Tout d’abord, autant situer les choses : c’est le premier roman écrit par un aborigène australien, Mudrooroo alors sous le pseudo de Colin Johnson, en 1965, et il est traduit pour la première fois en France chez Asphalte. C’est tout simplement puissant. Fait d’allers et retours entre le présent -c’est le jeune homme qui raconte- et le passé -où il devient simplement « il », comme un spectateur de son histoire-, et servi par une écriture percutante, une langue très belle, Chat sauvage en chute libre est un roman sur l’indifférence. Celle qu’un jeune métis s’efforce d’atteindre, pour échapper à sa vie.
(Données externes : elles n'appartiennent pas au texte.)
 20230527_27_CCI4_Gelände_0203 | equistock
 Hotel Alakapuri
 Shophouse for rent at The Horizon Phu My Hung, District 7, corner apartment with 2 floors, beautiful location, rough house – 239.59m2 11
Car, dans une Australie où les Aborigènes n’ont pas le le statut de citoyen et donc encore moins le droit de vote, où ils vivent dans des réserves, il n’y a pas beaucoup de choix quand on n’est pas Blanc : l’alcool, la déchéance, la délinquance, la prison, ou alors renier totalement ses origines, comme a tenté de le faire la mère du héros de ce livre très politique. Jamais on ne saura son nom, à ce garçon de dix-neuf ans qui joue les durs, et qui, très intelligent, essaiera d’aller au-delà des frontières, de gratter la petite lueur d’espoir en lui, pour s’apercevoir qu’il n’en a pas vraiment, pas plus que du désespoir.
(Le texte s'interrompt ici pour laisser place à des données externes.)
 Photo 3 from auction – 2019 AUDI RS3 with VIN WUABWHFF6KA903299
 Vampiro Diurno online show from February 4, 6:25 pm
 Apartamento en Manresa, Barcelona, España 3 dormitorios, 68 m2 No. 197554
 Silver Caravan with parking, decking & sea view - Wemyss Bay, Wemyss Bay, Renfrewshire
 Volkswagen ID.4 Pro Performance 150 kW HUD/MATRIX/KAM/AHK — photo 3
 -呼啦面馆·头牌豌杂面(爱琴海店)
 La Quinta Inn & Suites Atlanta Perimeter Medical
Mudrooroo rend à la perfection l’Australie des années 60, en dehors de tout consensus ; j’apprendrai plus tard dans la Post-face qu’il inaugure la radicalité concernant l’aboriginalité. Du côté décor, de façon très visuelle et pourtant succinte, on passe de la prison à la ville de Perth, aux plaines céréalières, pour finir dans le bush australien. A chaque fois, on s’y croirait. C’est magnifique, loin des clichés, et pourtant, étrangement familier… Peut-être parce qu’on a tous au fond de nous le souvenir d’odeurs, de lumières et d’obscurités qui nous restent de notre enfance.
Bref, je vous recommande chaudement ce petit bijou, qui ne compte que 165 pages, dont je comprends tout à fait qu’il soit étudié dans les collèges et universités australiens.
Un extrait :
Même s’il estime être un homme libre, il est l’un d’entre nous. Peut-être cet homme s’est-il dit un jour qu’il pouvait réformer les prisonniers, les remettre dans le droit chemin, mais je devine aujourd’hui qu’à sa manière, il est aussi perdu que nous tous. Peut-être plus, même. Il avait plus à perdre.
Le petit plus : L’objet livre est très beau, et notamment comporte un rabat sur sa 4ème de couverture avec une playlist concoctée par Mudrooroo lui-même pour cette édition afin d’accompagner la lecture, playlist qu’on trouve sur le site de l’éditeur.
Merci qui ? : Merci à Blog-o-Book et aux éditions Asphalte, que je ne connaissais pas, mais que je vais surveiller dorénavant, pour l’envoi grâcieux de ce roman qui est un vrai coup de coeur.